Зрелые убеждения разумных людей непременно похожи, мозг устроен по единому образцу и следует единым путем развития. Могут различаться слова, краски, символы, но не суть мыслительного процесса. С тех пор как первый человек начал мыслить, он вынужден был мыслить в заранее положенных пределах определенных, заданных форм. Ему пришлось продвигаться тропой, которую проложили его предки, и установленных ими ограждений ему не преодолеть. Мистическое христианство, исламский мистицизм, буддизм, – в тех случаях, когда они чисто и пылко устремлялись к прозрению, – создали почти одинаковые формулы для своих таинств. Процесс обобщения, в котором разум спасается от личных неприятностей, от мелких забот, волнений и обид, сопутствующих эгоцентричному образу жизни, повсюду один и тот же, какие бы ярлыки на него ни вешали, какие бы попытки ни предпринимали, чтобы заполучить на него исключительные права. Все религии, как и любая сублимирующая система, неизбежно выходили на одну и ту же тропу, ведущую к спасению, поскольку никакой другой тропы быть не может. Идея созидательного служения Мировому государству, к которой склоняется современный разум, своей определенностью, упорядоченностью и практической необходимостью немало отличается от идей всего сущего, внутренней жизни, конечной истины, воплощенного Бога, который роднее брата, ближе, чем дыхание, и тому подобных спасительных средств, но отдельную персону она освобождает и обволакивает почти в точности так же.
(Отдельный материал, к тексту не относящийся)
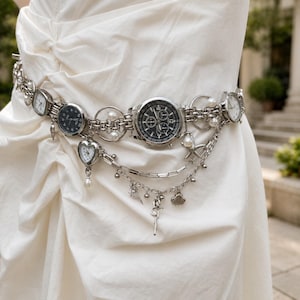 May include: A silver-toned chain belt featuring multiple watch faces, including a large central chronograph, a heart-shaped watch, and smaller round watches. The belt is adorned with white pearl beads, silver starfish, and seashell charms.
Разница между нашими методами утешения и тем, что им соответствует в религиях и философиях прошлого, почти сводится к тому, что те – монистичны. Они предполагают отказ, выраженный явно или неявно, от такого безрассудного допущения, как дуализм материи и духа, который тысячи поколений преследовал человеческую мысль. Чтобы перейти от эгоизма к жизни более масштабной, нужно полностью изменить перспективу; сейчас уже невозможно просто отбросить исходные условия и одним прыжком перемахнуть в «другой мир». Мы по-прежнему исповедуем отказ от эгоизма, от ненасытности, но это уже не уход от фактов. Благодаря прочной и недвусмысленной связи с внешней реальностью, современный выход к внеличному становится действенным и необратимым. Мы уже не можем вернуться окольным путем, сквозь сумрак ирреальности выбраться к эгоизму более высокого уровня. Ум современного образованного человека, вынужденного смотреть только вперед, сосредоточен, не рассеян. При всей своей включенности в бытие, при всей готовности подчинить второстепенное главному участник «легального заговора», будь он коммунист или позитивист-ученый, остается до самого своего конца столь же последовательно актуальным, как актуальны кровь или голод.
На этом я заканчиваю описание того, как созревал и действовал мой разум, который тужился, пускал пузыри, протягивал свои слабенькие ручки, пытаясь ухватить этот мир, шестьдесят восемь лет назад, в бедной спальне над лавкой фаянсовой посуды, называвшейся Атлас-хаус, на Хай-стрит, в Бромли, графство Кент.